WHAT YOU WILL DO
What you give back from the listing below should be an exact copy of the lines from the one with "So if you're" down to the one with "The respiration rate", and it should contain no pictures.

EXERCISE INPUT
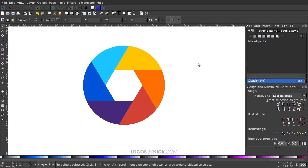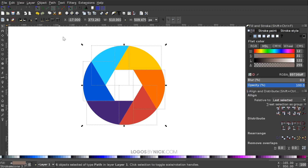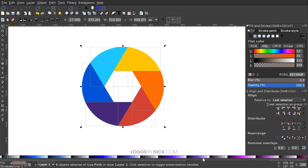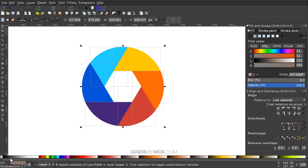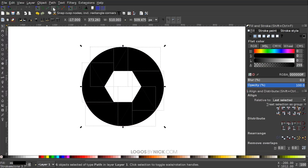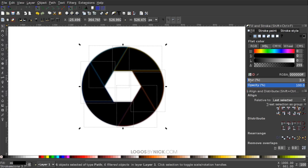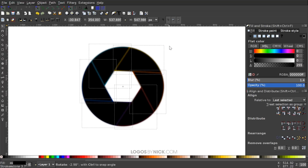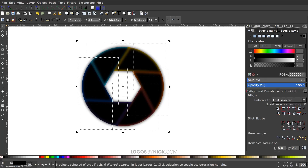We want to add drop shadows to the right of each shape to make them appear as if they're layered above each other. Select all shapes, duplicate with Control+D, make them black, then turn off Snap to Cusp Nodes. Give them a blur of about 3.3%, then click the shape again to get rotation handles and rotate it clockwise slightly.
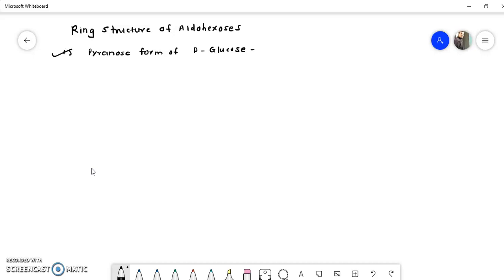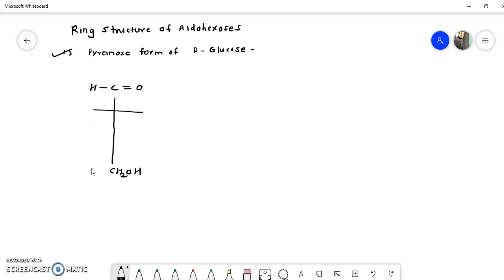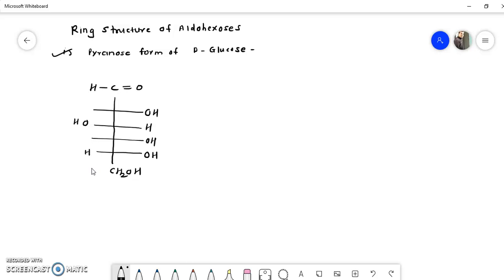First of all, I will draw the open chain structure of D-glucose. Always remember this structure because we will require it from here onward. First, draw the CHO aldehyde group on carbon 1, and the last carbon will be CH₂OH. This is carbon 1 and carbon 6, with 4 carbons in between. Remember that only carbon number 3 has an OH group on the left side; all other OH groups are on the right-hand side.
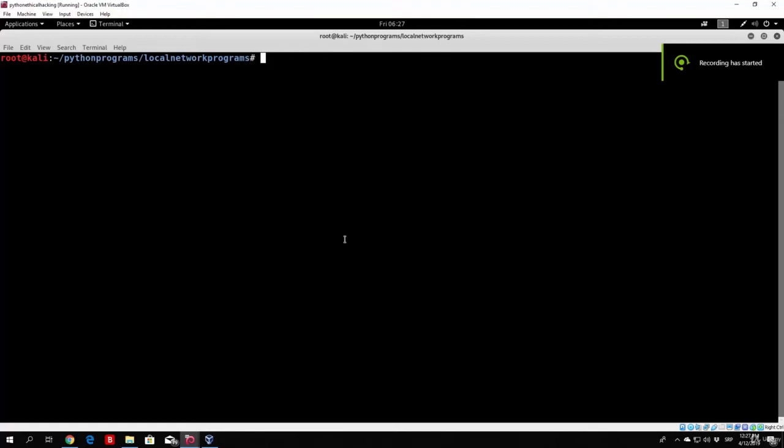Hello everybody, and welcome back. In this lecture we will start by coding our advanced packet sniffer — a tool that will perform network analysis for us on our own machine.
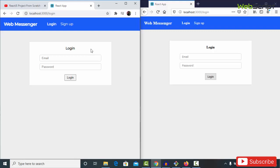Hello friends, welcome to fscript.info. My name is Rizwan Khan and in this video we are going to implement an amazing React.js project — a web messenger project using React.js and Firestore. Firestore is a real-time database from Google we can use for real-time communication, and it's free for starters as well as startup companies.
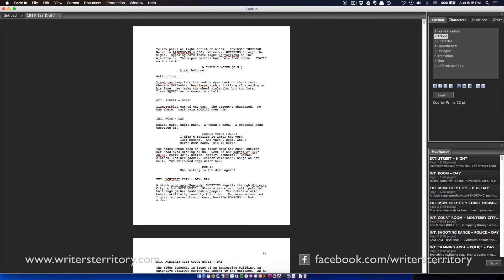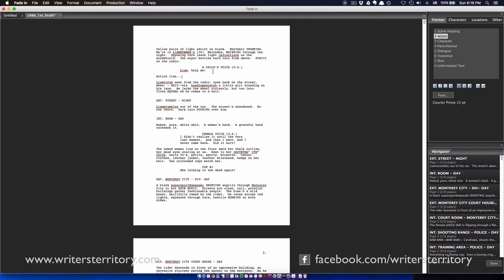So if you're working with a lot of PDF screenplays, you're going to love this feature, because you can use your time for writing and don't need to worry about file conversion. This feature definitely gives Fade-In an advantage over other big screenwriting tools out there, which lack this functionality.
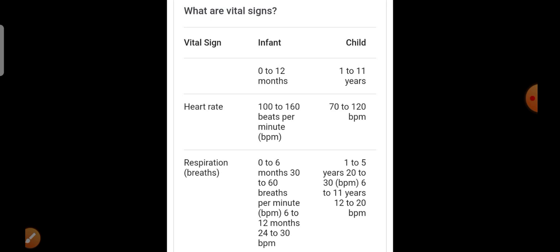The respiration rate is 30 to 60 breaths per minute for newborns. At 12 months, it is 24 to 30 beats per minute. The heart rate for newborns is 100 to 160 beats per minute. Respiration for 0 to 6 months is 30 to 60 breaths per minute.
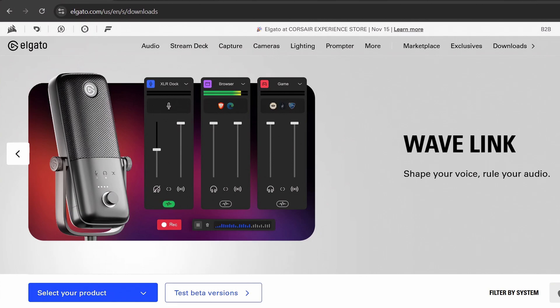Wavelink 3.0 is out and it is free. If you want to mix your audio and have ultimate control, then you need Wavelink 3.0. It is in beta, so there are some bugs, but this is the second release. Let's get started and check it out so you can have ultimate control of your audio.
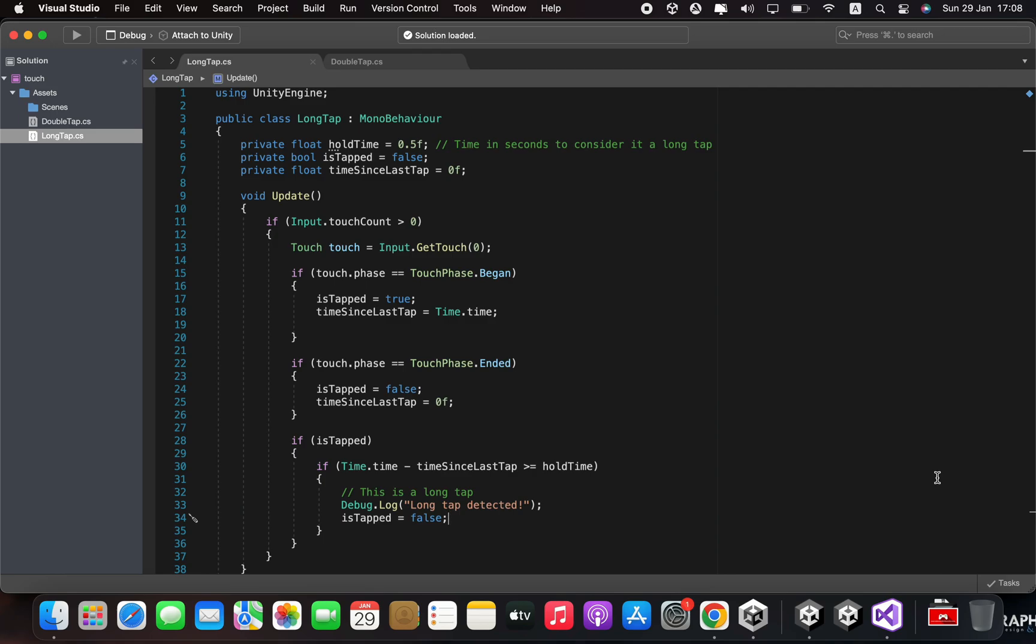If the touch phase is touch phase ended, we set is tapped to false and reset the time since last tap variable.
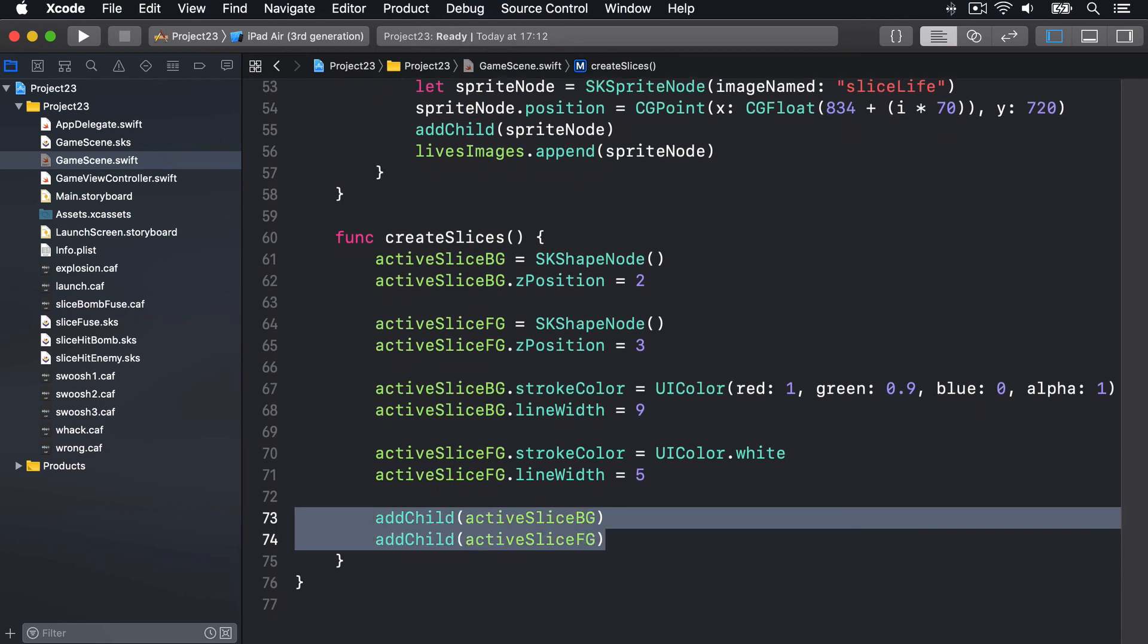So the background slice has a thicker line than the foreground. And it has zPosition two, whereas the foreground has zPosition three, so it definitely appears on top of the background. After that, we're using zPosition one for bombs and zPosition zero for everything else. This ensures the slice shapes are on top, then bombs, then everything else.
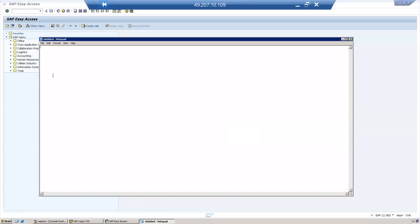Operation mode is a concept where we can switch dialogue workplaces into background workplaces and background workplaces into dialogue workplaces. For example, during the daytime we need a greater number of dialogue workplaces since more users are logging in. During the nighttime, fewer users are logging in, so you can convert dialogue workplaces into background workplaces.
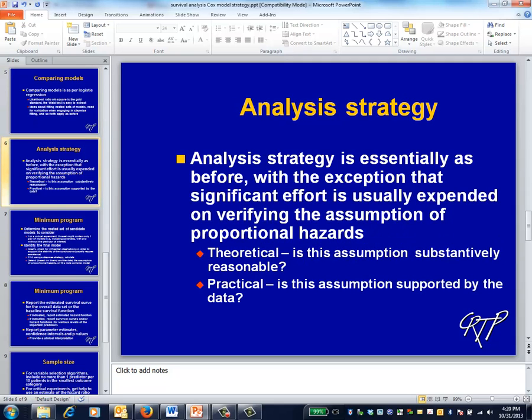An analysis strategy is assessed as before, depending on whether the application involves variable selection or covariate adjustment. The strategy is implemented using nested sets of models. The primary visualization exercise uses the overall Kaplan-Meier curve to describe the survival of the overall population, followed by a graphical examination of the assumption of proportional hazards.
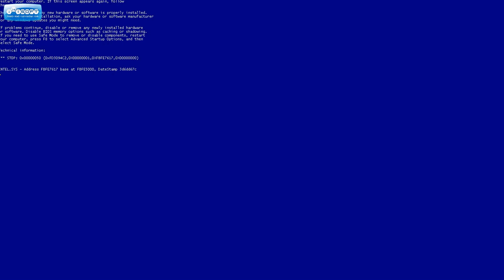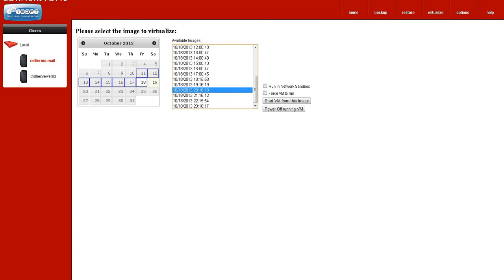With our innovative backup and disaster recovery system, we have developed a method to take pictures of your server once per hour and should something happen to your server, the device actually steps in and acts like your server.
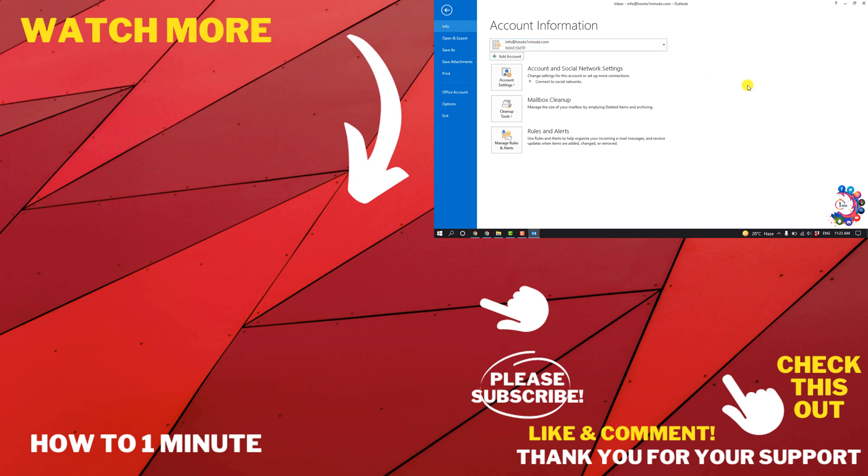If you have any questions feel free to post in the description. If you want to see my WordPress videos, please check the links in description. If this video helped you, give a thumbs up and please consider subscribing to How To 1 Minute. Thank you for watching.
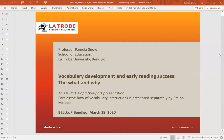Hi everyone and greetings from Bendigo in Central Victoria in Australia. I'm pleased to be able to talk to you today about vocabulary development and early reading success. I'm going to be talking about the what and the why, and my colleague Amina McLean is going to be talking about the all-important how. This is part one of a two-part presentation, and we'll upload them so you can access them together.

TASK RESULT
So if you're working with a lot of PDF screenplays, you're going to love this feature, because you can use your time for writing and don't need to worry about file conversion. This feature definitely gives Fade-In an advantage over other big screenwriting tools out there, which lack this functionality.
The respiration rate is 30 to 60 breaths per minute for newborns. At 12 months, it is 24 to 30 beats per minute. The heart rate for newborns is 100 to 160 beats per minute. Respiration for 0 to 6 months is 30 to 60 breaths per minute.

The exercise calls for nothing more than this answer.